Tonight, No.10, Lib Dem and Labour sources are saying that the talks between the three party leaders lasted half an hour or so and resume next week.

David Cameron is said to have promised that he will get the DCMS to draft some sort of bill along the lines of what Lord Justice Leveson asked for, but it looks like a measure to keep opinion on-side and look willing.

The PM said before the report that he would implement the Leveson recommendations unless he thought they were daft (my word not his). You get the impression listening to some of the PM’s criticisms of the Leveson report in the Commons that that’s exactly what he thinks of some of the conclusions.

In the Commons he sounded exasperated that the judge could think Ofcom an appropriate overseer for press regulation when it’s the government that appoints the Ofcom boss. He was critical of the idea of tightening the Data Protection laws to stop journalists getting relaxed rules – as was Nick Clegg.

As Lord Justice Leveson left the stage after his rather sterile “non press conference” statement to a room filled with journalists and interested parties, Quentin Letts of the Daily Mail shouted out “did you enjoy it, Sir Brian?” Lord Justice Leveson visibly shrugged, before walking off the set, hoping perhaps that was his last ever direct contact with a journalist.
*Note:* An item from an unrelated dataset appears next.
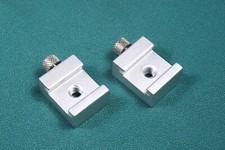 Quantum Shoe Mount Flash Mount Adapter - Lot of 2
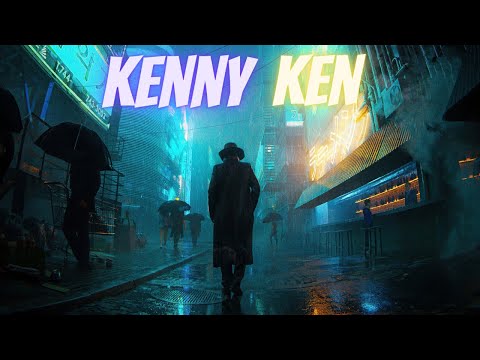 KENNY KEN IN THE MIX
Gordon Brown didn’t get the sweet vindication he sought from the judge who writes he can’t arbitrate between the vastly contrasting accounts of whether The Sun published a story about his son’s health with or without his permission. Leveson’s report says it is difficult “to resolve the stark evidential dispute” between the Rebekah Brooks/Gordon Brown versions.
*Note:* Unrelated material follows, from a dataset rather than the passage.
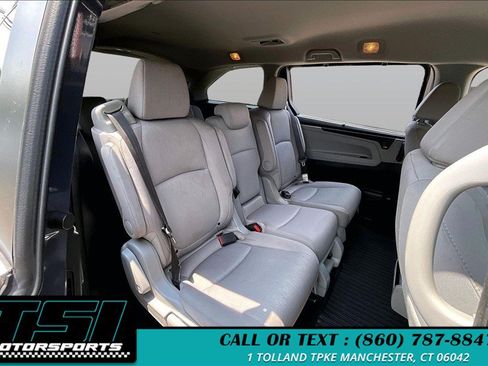 Used 2019 Honda Odyssey EX image 27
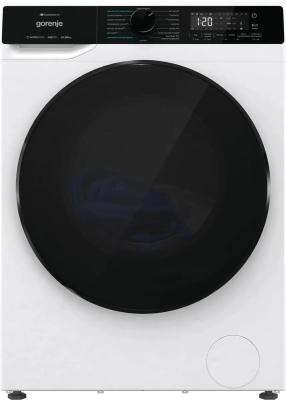 Стиральная машина Gorenje WD2PA1X64ADAAW/C, с фронтальной загрузкой, с паром, 10.5кг, 1400об/мин, инверторная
On the “grand bargain” allegation that began with Gordon Brown’s camp suggesting David Cameron was cooking up policies to please Rupert Murdoch ahead of the 2010 election, the judge writes: “the evidence does not, of course, establish anything resembling a ‘deal.’ ” He goes on: “the problem is public perception … the public .. has been entitled to worry about the way things have been done…”

On the question of whether David Cameron properly quizzed Andy Coulson about allegations of phone hacking before bringing him into the top echelons of No.10, he judges: “I am quite sure that it was raised; given the significance of the issue, it was most probably raised on … four occasions.”
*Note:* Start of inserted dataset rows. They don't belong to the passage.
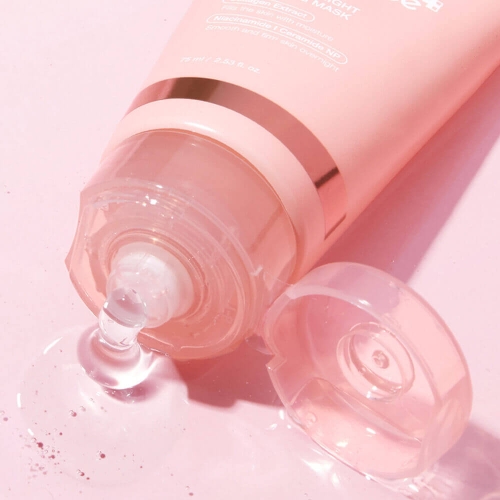 Medicube  -    , Collagen Night Wrapping Mask  5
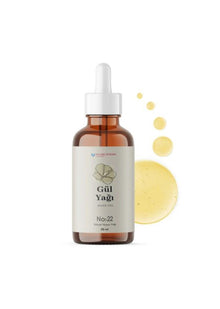 Elemental Rose Oil 20 ml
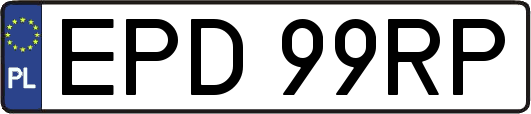 EPD99RP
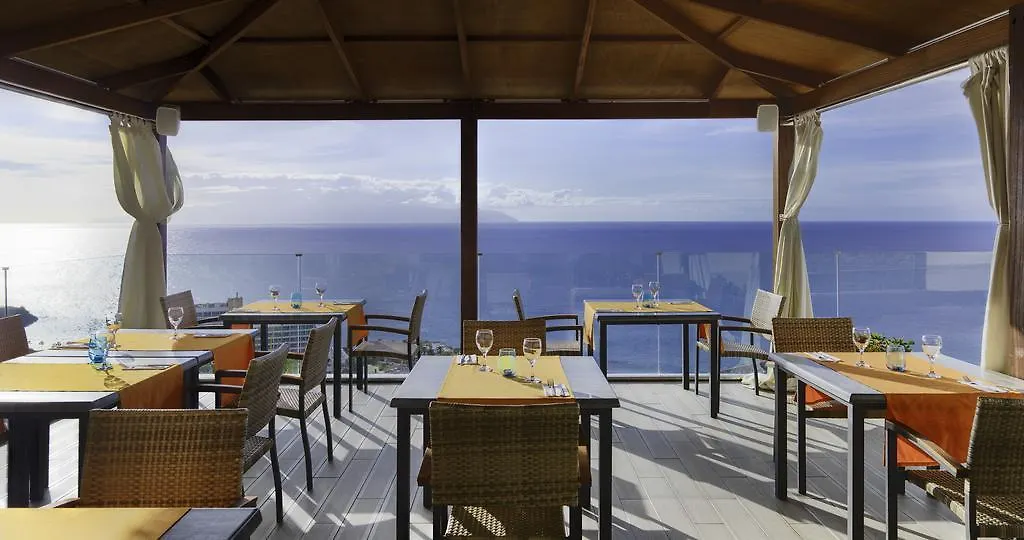 **** Aparthotel Royal Sun Resort Acantilado de los Gigantes Spain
On pages 1793-4, talking about the back-stop if even state certified self-regulation fails, Lord Justice Leveson repeatedly refers to how he thinks there would need to be a fully-fledged state regulator of the press. But rather tellingly he talks about this being “my personal view” and “my preferred solution,” which sounds like some divergence of opinion between the judge and his panel of assessors for whom this maybe just went too far.